My eyes started to glisten once more after hearing that, with it taking my full control to not burst into tears yet again. To try and get rid of the sombre tone that still enveloped us, I decided to tell him about what happened with Helen. Something I hadn't been able to do before I had all but sprinted out of the classroom that morning.

"In brighter news, guess who talked to Helen today and got her number," I said smugly, enjoying the look of shock that passed across Sam's face. A look of shock that funnily was only slightly less than what he showed when he heard about me dying. 

Seeing that I clearly no longer wanted to talk about my situation, at least at the moment, Sam played along with my obvious effort in switching topics. "Well, since you're literally incapable of talking to Helen without combusting into flames, it must have been me." He joked, "It's strange though. I can't quite remember getting her number though."

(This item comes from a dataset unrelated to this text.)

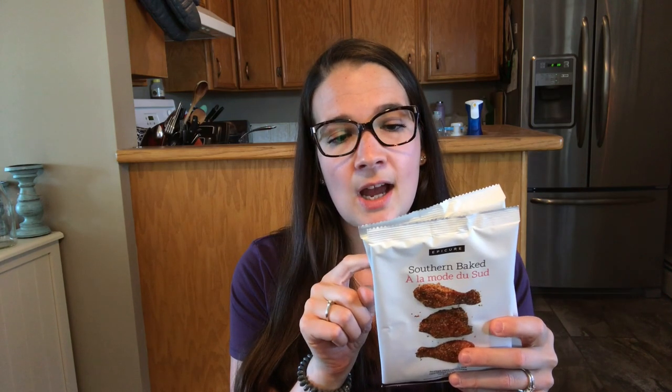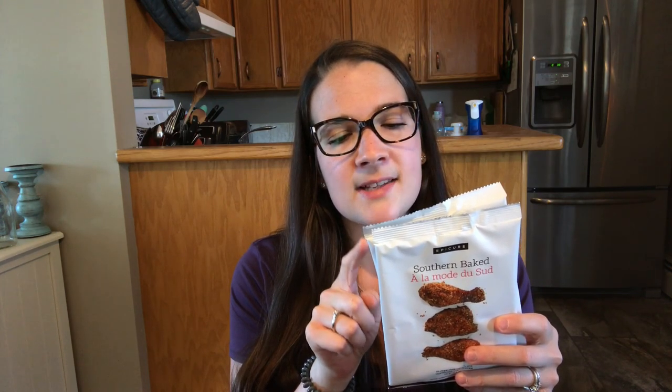Next is the Southern Baked Gluten-Free Crumb Mix — like Shake and Bake, but with way more flavor. It has psyllium husk, onion, garlic, spices, sea salt, herbs, and black pepper. It comes with three packs and it's really flavorful. I made about six thin chicken breasts and had over half the packet left — it lasts a long time. Next time I'm just going to use half the packet so I don't waste it.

"Shut up dumbass." I laughed as I slapped him on the shoulder, my hand making contact with the wet stains I left from my outburst.

There was a brief lull in the conversation, a lull that brought to my attention again how bone-shatteringly tired I was. A thought which made me release a loud yawn more in line with a lion's roar. "Well, I need to go to sleep man. I'm dead tired. Is it alright if I tell you what happened with Helen tomorrow?" 

Funnily, Sam seemed almost indignant about having to wait for the gossip on how I got Helen's number but seemed understanding of my need for rest. "Fine. But you better tell me first thing tomorrow" He sulked. 

"Sure man, will do."

Just as I passed him and was now at the front doorstep of my home, Sam spoke once more from behind me. "Adam, if you ever need anything, anything at all, just know that I'm here for you and always will be." He said, his face deathly serious.

Yet again, I felt myself becoming emotional as I wondered how lucky I was to have such a caring best friend and brother. "I know. Thanks, Sam, seriously. I'll see you tomorrow." I choked out.

"See you tomorrow, mate." And with that, he turned around, walking back down the street to where he lived as I opened the front door to my home. Two bags of groceries still held in my left hand and a relaxed smile on my face as I did so, thinking to myself that today truly turned out to be an alright day in the end.